**WHAT NEEDS TO BE DONE**
Copy out each line featuring the string "Cabriolet" from the entries beneath.

Brief descriptive captions:
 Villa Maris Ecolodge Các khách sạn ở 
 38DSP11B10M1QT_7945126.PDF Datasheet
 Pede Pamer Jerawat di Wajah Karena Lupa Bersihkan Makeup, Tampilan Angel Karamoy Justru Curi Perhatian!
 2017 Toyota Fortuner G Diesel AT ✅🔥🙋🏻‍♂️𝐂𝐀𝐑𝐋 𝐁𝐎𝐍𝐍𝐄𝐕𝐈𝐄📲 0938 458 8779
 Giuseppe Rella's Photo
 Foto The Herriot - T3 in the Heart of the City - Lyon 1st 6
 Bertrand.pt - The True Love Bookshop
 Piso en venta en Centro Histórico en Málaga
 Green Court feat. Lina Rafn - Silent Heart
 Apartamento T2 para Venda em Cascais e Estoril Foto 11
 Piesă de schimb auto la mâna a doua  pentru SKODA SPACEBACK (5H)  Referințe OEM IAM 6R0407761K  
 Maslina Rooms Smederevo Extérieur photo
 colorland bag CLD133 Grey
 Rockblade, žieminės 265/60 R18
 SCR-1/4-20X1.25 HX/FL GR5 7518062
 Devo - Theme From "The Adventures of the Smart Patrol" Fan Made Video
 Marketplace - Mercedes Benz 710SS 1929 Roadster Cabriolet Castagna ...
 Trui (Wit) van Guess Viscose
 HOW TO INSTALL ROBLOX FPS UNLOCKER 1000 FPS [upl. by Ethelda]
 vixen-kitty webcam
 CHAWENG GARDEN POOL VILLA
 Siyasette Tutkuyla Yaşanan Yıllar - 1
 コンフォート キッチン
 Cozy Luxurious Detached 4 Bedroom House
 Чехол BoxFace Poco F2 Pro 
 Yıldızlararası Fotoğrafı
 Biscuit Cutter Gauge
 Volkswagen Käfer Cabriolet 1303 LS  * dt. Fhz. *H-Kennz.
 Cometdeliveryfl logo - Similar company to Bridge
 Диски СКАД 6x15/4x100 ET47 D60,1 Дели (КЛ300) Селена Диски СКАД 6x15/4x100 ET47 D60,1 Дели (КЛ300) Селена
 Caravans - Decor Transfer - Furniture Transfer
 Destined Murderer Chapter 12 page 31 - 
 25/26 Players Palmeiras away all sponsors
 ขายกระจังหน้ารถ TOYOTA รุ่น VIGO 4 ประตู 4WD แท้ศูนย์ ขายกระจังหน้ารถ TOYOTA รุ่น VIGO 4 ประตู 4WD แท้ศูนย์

**ANSWER FOR THE TASK**
 Marketplace - Mercedes Benz 710SS 1929 Roadster Cabriolet Castagna ...
 Volkswagen Käfer Cabriolet 1303 LS  * dt. Fhz. *H-Kennz.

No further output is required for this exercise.